Data in this exercise —
——

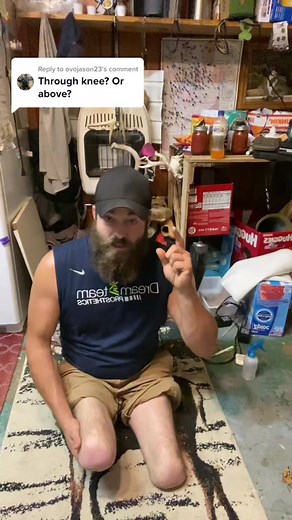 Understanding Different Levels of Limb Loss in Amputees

——

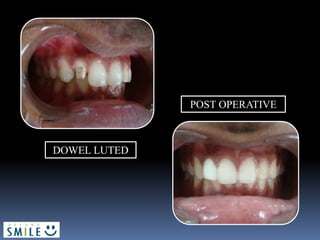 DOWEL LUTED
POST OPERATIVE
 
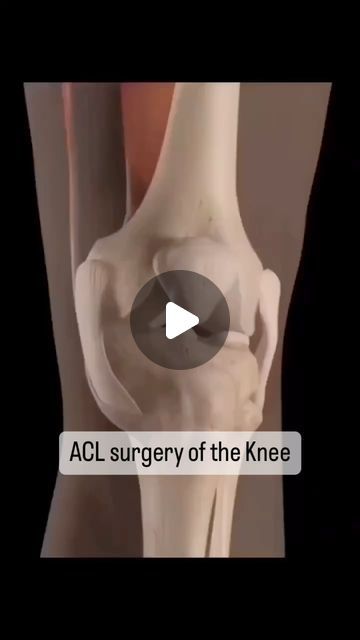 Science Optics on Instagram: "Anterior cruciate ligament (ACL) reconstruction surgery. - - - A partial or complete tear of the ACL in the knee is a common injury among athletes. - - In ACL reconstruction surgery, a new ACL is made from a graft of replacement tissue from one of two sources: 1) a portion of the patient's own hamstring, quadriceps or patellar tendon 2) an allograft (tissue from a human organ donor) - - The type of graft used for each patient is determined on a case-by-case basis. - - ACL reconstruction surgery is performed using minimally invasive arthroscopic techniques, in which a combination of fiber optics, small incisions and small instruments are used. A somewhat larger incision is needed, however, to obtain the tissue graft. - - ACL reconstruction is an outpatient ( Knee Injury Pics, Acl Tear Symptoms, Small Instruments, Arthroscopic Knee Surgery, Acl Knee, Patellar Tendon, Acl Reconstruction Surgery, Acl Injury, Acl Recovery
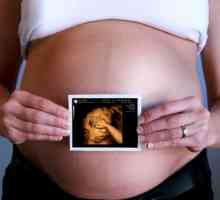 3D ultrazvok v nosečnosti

——

Task goal — Transcribe, from the material above, the stretch starting at the line with "DOWEL LUTED" and ending at the line with "3D ultrazvok v nosečnosti", both included, exactly. Do not carry over pictures.

Exercise solution —
 DOWEL LUTED
POST OPERATIVE
 
 Science Optics on Instagram: "Anterior cruciate ligament (ACL) reconstruction surgery. - - - A partial or complete tear of the ACL in the knee is a common injury among athletes. - - In ACL reconstruction surgery, a new ACL is made from a graft of replacement tissue from one of two sources: 1) a portion of the patient's own hamstring, quadriceps or patellar tendon 2) an allograft (tissue from a human organ donor) - - The type of graft used for each patient is determined on a case-by-case basis. - - ACL reconstruction surgery is performed using minimally invasive arthroscopic techniques, in which a combination of fiber optics, small incisions and small instruments are used. A somewhat larger incision is needed, however, to obtain the tissue graft. - - ACL reconstruction is an outpatient ( Knee Injury Pics, Acl Tear Symptoms, Small Instruments, Arthroscopic Knee Surgery, Acl Knee, Patellar Tendon, Acl Reconstruction Surgery, Acl Injury, Acl Recovery
 3D ultrazvok v nosečnosti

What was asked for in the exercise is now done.